A Câmara dos Deputados aprovou, na noite desta quarta-feira (3), o PDL (projeto de decreto legislativo) que derruba as mudanças feitas pelo governo federal no Marco do Saneamento, aplicando a primeira derrota do governo Luiz Inácio Lula da Silva (PT) na Casa.
O PDL foi aprovado por 295 a 136 votos. Antes de ser votado, a federação PT-PC do B-PV tentou adiar a apreciação do texto por uma sessão — mas não teve sucesso. Agora, o Senado precisará se posicionar sobre o tema para que os decretos deixem de valer. Com isso, aumentam as chances de mudanças no marco serem feitas via projeto de lei.
Essa votação ocorre em meio à dificuldade do governo em consolidar uma base de apoio na Câmara. O Executivo já havia demonstrado fraqueza na articulação política no adiamento da votação do PL das Fake News, na terça (2), e ao não conseguir barrar a instalação da CPI do 8 de janeiro no Congresso.
Nas redes sociais, o líder do governo na Câmara, José Guimarães (PT-CE), afirmou que a votação mostra que é preciso "fazer um freio de arrumação dentro do governo".— Os líderes que encaminharam contra o governo vão ter que decidir se são ou não governo. Vida que segue — afirmou.
O presidente da Câmara, Arthur Lira (PP-AL), incluiu a matéria na pauta da Casa nesta tarde. Como reação, membros do Executivo entraram em campo para tentar evitar que o PDL fosse apreciado na Casa e, apesar de manifestações públicas em plenário, o deputado Marcos Pereira (Republicanos-SP), que preside a sessão, afirmou que tinha o aval de Lira para apreciar a matéria.
Num primeiro momento, foi votada e aprovada a urgência do PDL (por 322 a 136 votos).
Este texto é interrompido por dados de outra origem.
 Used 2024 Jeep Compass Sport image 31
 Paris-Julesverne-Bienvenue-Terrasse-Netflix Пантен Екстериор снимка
Após a aprovação da urgência, o líder do governo na Câmara, José Guimarães (PT-CE), afirmou, em tom de ameaça, que esse resultado "nos leva a refletir sobre as relações aqui dentro".
— Acho que isso fica como lição para todos aqui dentro. É um recado? Evidente que é. Por várias razões. Eu sei o que está por trás disso. Essa decisão, que as maiorias dos líderes que participam do governo estão encaminhando contra o governo, fica registrado aqui — disse.Líder da oposição, o deputado federal Carlos Jordy (PL-RJ) afirmou na sessão que o governo viu que a sua base "derreteu".
— É uma base frágil. Ontem nós já tínhamos visto isso. Hoje estamos fazendo justiça ao Parlamento que aprovou um dos maiores marcos legais da história — disse.Lira chegou a pautar os PDLs na semana passada, mas os retirou da ordem do dia após conversar com o ministro da Secretaria de Relações Institucionais (SRI), Alexandre Padilha, e combinar uma conversa entre os ministros da Casa Civil, Rui Costa (PT), e das Cidades, Jader Filho (MDB) e os deputados Fernando Marangoni (União Brasil-SP) e Fernando Monteiro (PP-P), autores do PDL.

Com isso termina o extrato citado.